Taiwan has almost halved its figures for the number of people infected with the SARS virus and ruled that many previously reported deaths were caused by other factors, the U.N. health agency said.
/ Source: The Associated Press

Taiwan has almost halved its figures for the number of people infected with the SARS virus and ruled that many previously reported deaths were caused by other factors, the U.N. health agency said Friday.

The World Health Organization said the change in data from Taiwan meant the global death toll from SARS, or severe acute respiratory syndrome, is now officially 774. In August it had reported a figure of 916.

“Everybody is going back to re-examine what is happening because we have finally got some breathing time,” said WHO spokesman Dick Thompson.

He said there are two tests for SARS, but the more reliable one, which identifies antibodies in the blood, can’t be used until about 20 days after infection so doctors cannot use it to diagnose the illness.

The Taiwanese authorities tested stored samples from patients previously thought to have the disease and found more than 300 that didn’t give a positive result from either test.
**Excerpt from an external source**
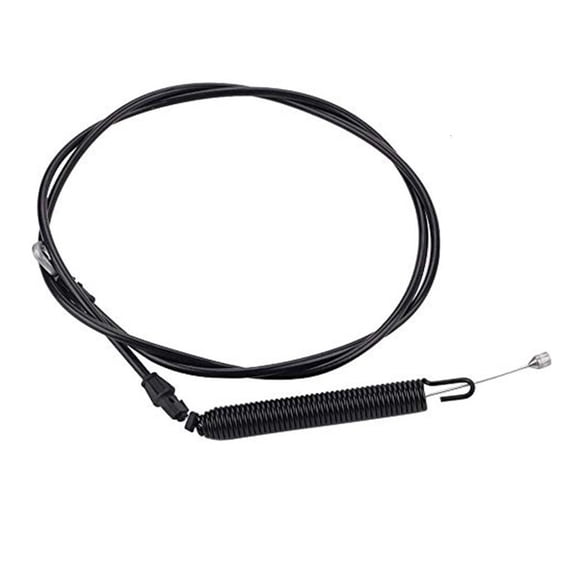 CEORPER Durability Clutch Cable 435111 532435111 for 917276600 917288260 917276181 917.289081 917287121 917288513 917253270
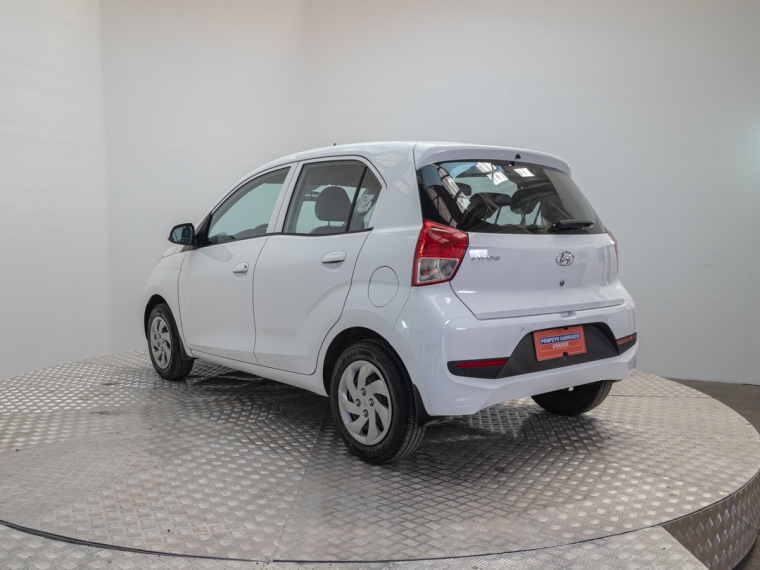 Hyundai Atos  1.1 Ah2 Plus Mt 2022 Usado  Usado en Pompeyo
Taiwan now officially recognizes 346 SARS cases and 37 deaths, compared with earlier figures, from August, of 665 cases and 180 deaths, according to the WHO Web site. In July, the country reported 671 cases and 84 deaths, the WHO Web site said. WHO doesn’t collect its own data and relies on the figures provided by governments.

Deaths from other causes
Thompson said officials in Taiwan had ruled that even people who apparently did have SARS may have actually died from other underlying diseases. The decision on how to classify them was based on the judgment of doctors.

Officials at the Taiwanese Center of Disease Control said Friday that during the outbreak, many people were listed as SARS patients and quarantined after they developed common SARS symptoms such as fever and lung infections.

But many had developed pneumonia caused by viruses other than SARS, and many of the deaths were elderly people with chronic illnesses who were misdiagnosed, they added.

Thompson said small changes have been made by governments in other countries — the death toll in Hong Kong has been reduced by one to 299 and the United States has reduced its number of cases by four to 29 — but this was by far the largest adjustment.

“We think that each place has certain reasons for doing what they do, and this may help them clarify their response and to identify how they could react faster,” he said.

SARS, which first broke out in southern China in November 2002, infected more than 8,000 people worldwide — mostly in Asia — before it was brought under control in June.

Also Friday, a report on Hong Kong’s response to the SARS outbreak said it had been ill-prepared for the outbreak of such a disease and that bad planning, sloppy communications and problems in hospitals aggravated efforts to contain the ailment.

But it assigned no blame, saying no officials had been negligent, and pointed out that many factors were beyond their control.

Hong Kong never got good information from China’s neighboring Guangdong province after the disease emerged there in November, and there was a lack of knowledge about the new illness and no way at first to diagnose it, the experts said.

The 11 experts on the independent Hong Kong panel, from Britain, the United States, Australia, Hong Kong and China, said they would not use hindsight to make unfair judgments on people who were doing their best.